Near SHAPE is this massive park/zoo called Parc Paradisio. Parc Paradisio is acres upon acres of beautiful gardens and quite a joy to frequent in the Spring and Summer. However, it’s also totally insane in there. Many animals are in enclosures, as one would expect from a zoo, yet many animals are on the loose. Kangaroo, deer, pigs, parrots, chickens, goats, peacocks, and more are running loose. Visitors are totally on their own to approach these animals. The barnyard animals are not threatening, but that kangaroo was highly ticked off all the time. The crown jewel of Parc Paradisio is Monkey Island. Monkey Island is surrounded by a man-made moat and entered by bridge. Once you cross the bridge, you are truly at the mercy of hundreds of spider monkeys. These monkeys are just running everywhere, jumping out of trees at you, screaming and all that stuff. It’s full on insane. If you’re wondering if there is some sort of zoo keeper/park employee on hand to keep things under control, the answer is no. It’s just you and the monkeys. I loved going to Parc Paradisio, but I gave Monkey Island a wide berth.

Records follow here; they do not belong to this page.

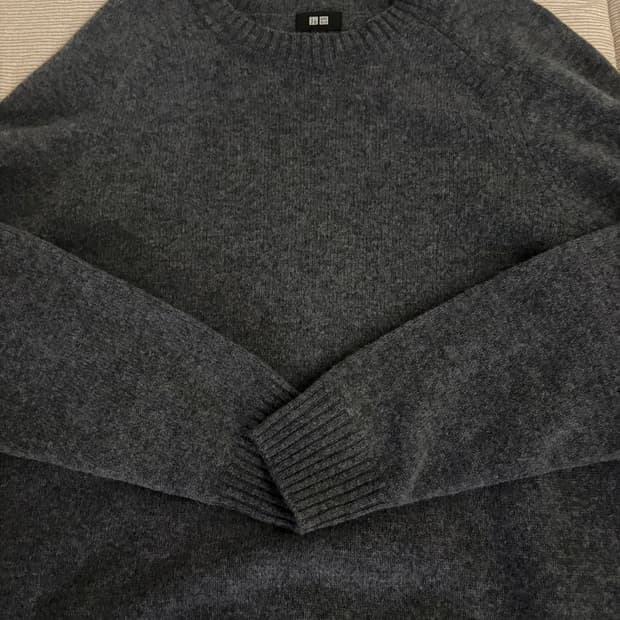 유니클로 니트,가디건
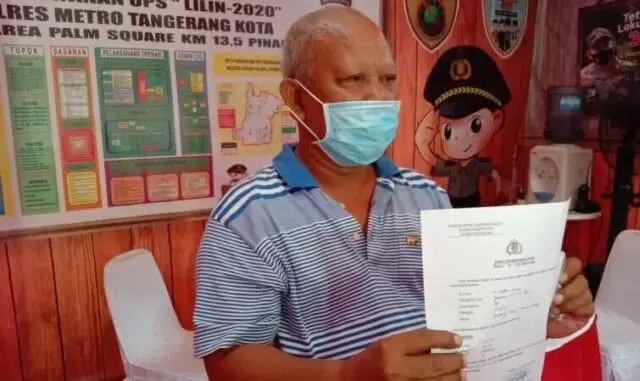 Warga ini Bersyukur Bisa Rapid Test Antigen Gratis di Rest Area KM,14B Tangerang Warga ini Bersyukur Bisa Rapid Test Antigen Gratis di Rest Area KM,14B Tangerang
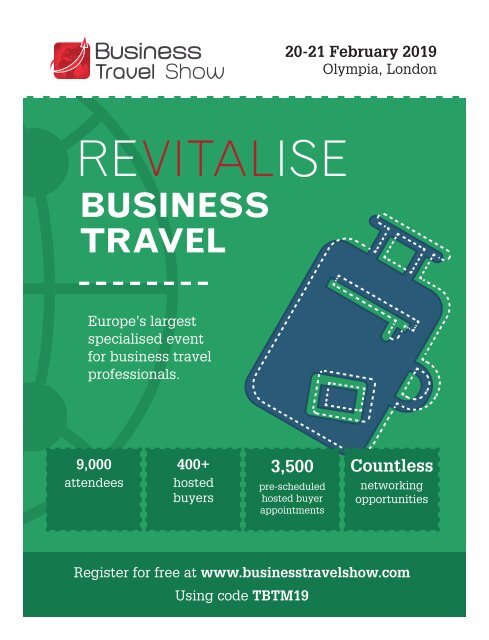 The Business Travel Magazine Feb/Mar 2019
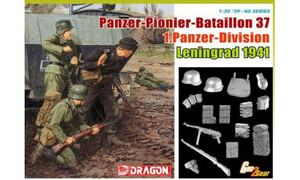 Dragon 1/35 Panzer-Pionier-Bataillon 37 6651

The city where I lived is called Mons, and its yearly festival is the most convoluted hodge podge of any celebration. Mons is built on a hill, with the cathedral at the top of the hill. It’s truly a beautiful Gothic cathedral. All year long, the relics or bones or what have you of Ste. Waudru lay in repose there. Ste. Waudru actually was the wife of the Count of Hainault, the region where Mons is found, back in like 500 AD; however, popular lore states that she saved the town of Mons from the plague or something along those lines. Nonetheless in May or June, depending on when Easter falls, the reliquary of Ste. Waudru is removed from the cathedral in a golden carriage, which then makes a circle around the city. Now, in order to return to the cathedral, the carriage must mount a steep hill. The legend is that if the massive horses do not reach the cathedral in a single running gallop then the city of Mons will be destroyed in the following year. In every sense, there’s a lot riding on those horses. Once Ste. Waudru is safely returned to the cathedral, it all gets even weirder. A green, wooden dragon exits the cathedral and heads downhill to the main square of the city. As it passes through a narrow, steep, cobble stone street, crowds of intoxicated people are going nuts trying to grab the dragon’s tail, which for some reason is made of horse hair, because of course this will be you good luck. When the dragon reaches the square, he is expeditiously slain by some guy dressed up like St. George. Don’t ask me how St. George got mixed up in this. To top the whole thing off, the natives call it DouDou Fest, which for an English speaker sounds awful, because it’s short for Ducasse. Mainly it boils down to a week of nonstop partying. It makes Mardi Gras seem like a reasonable event.

I wouldn’t trade my time in Belgium for anything.  I got more or less accustomed to how things worked, or didn’t work, there. I made lots of friends, travelled throughout Europe, and met Noel. It was a great way to spend my twenties. After all, how could you not like a country where it’s illegal to mow your lawn on Sunday?